» **Data**:
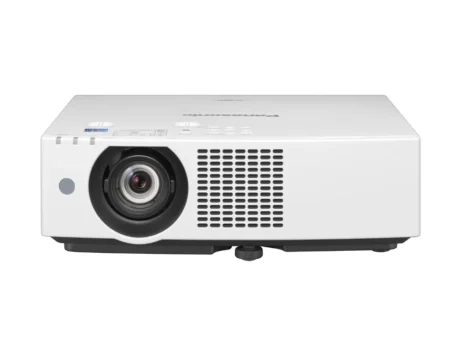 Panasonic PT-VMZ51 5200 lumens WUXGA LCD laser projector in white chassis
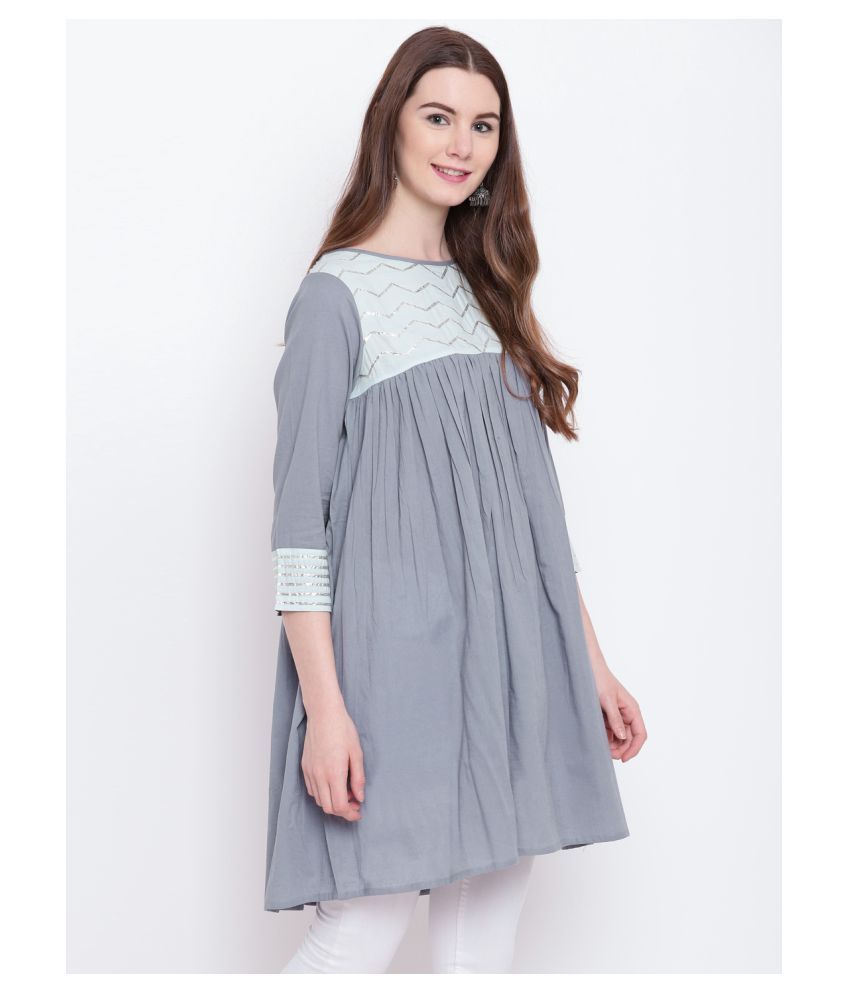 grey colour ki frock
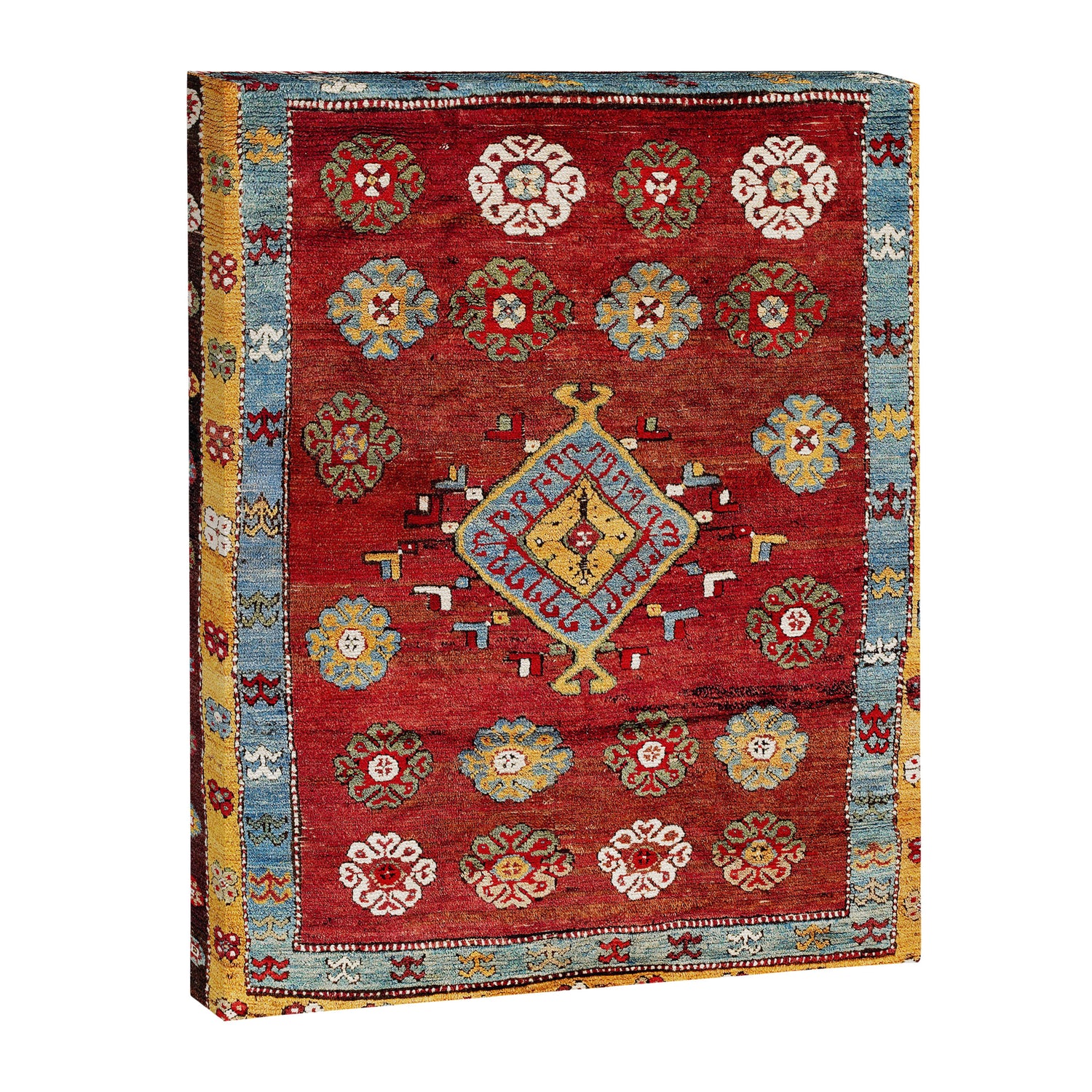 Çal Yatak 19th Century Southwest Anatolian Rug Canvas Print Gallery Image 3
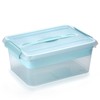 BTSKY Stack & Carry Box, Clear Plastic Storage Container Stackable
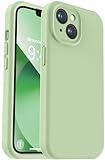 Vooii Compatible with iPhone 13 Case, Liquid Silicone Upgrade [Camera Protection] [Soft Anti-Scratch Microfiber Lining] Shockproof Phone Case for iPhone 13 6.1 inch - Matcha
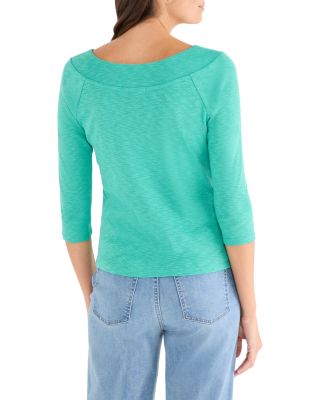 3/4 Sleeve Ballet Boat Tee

--

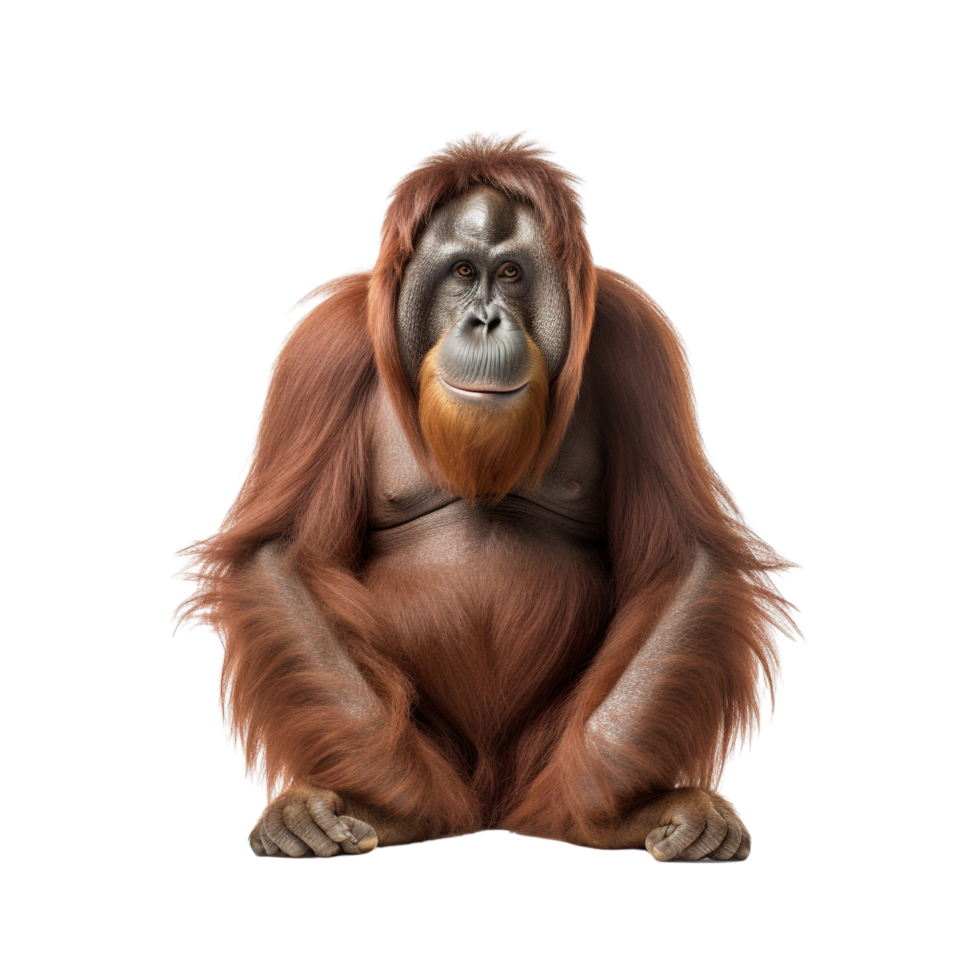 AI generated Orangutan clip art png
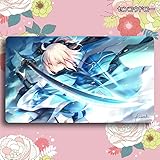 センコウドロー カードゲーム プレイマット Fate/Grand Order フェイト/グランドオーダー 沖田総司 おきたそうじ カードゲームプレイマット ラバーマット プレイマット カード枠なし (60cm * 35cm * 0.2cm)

» **About this task**:
When you reach the line with "Panasonic PT-VMZ51 5200" in the records above, begin repeating the lines exactly, and stop after the line with "3/4 Sleeve Ballet Boat Tee". Skip all pictures.

» **Answer**:
 Panasonic PT-VMZ51 5200 lumens WUXGA LCD laser projector in white chassis
 grey colour ki frock
 Çal Yatak 19th Century Southwest Anatolian Rug Canvas Print Gallery Image 3
 BTSKY Stack & Carry Box, Clear Plastic Storage Container Stackable
 Vooii Compatible with iPhone 13 Case, Liquid Silicone Upgrade [Camera Protection] [Soft Anti-Scratch Microfiber Lining] Shockproof Phone Case for iPhone 13 6.1 inch - Matcha
 3/4 Sleeve Ballet Boat Tee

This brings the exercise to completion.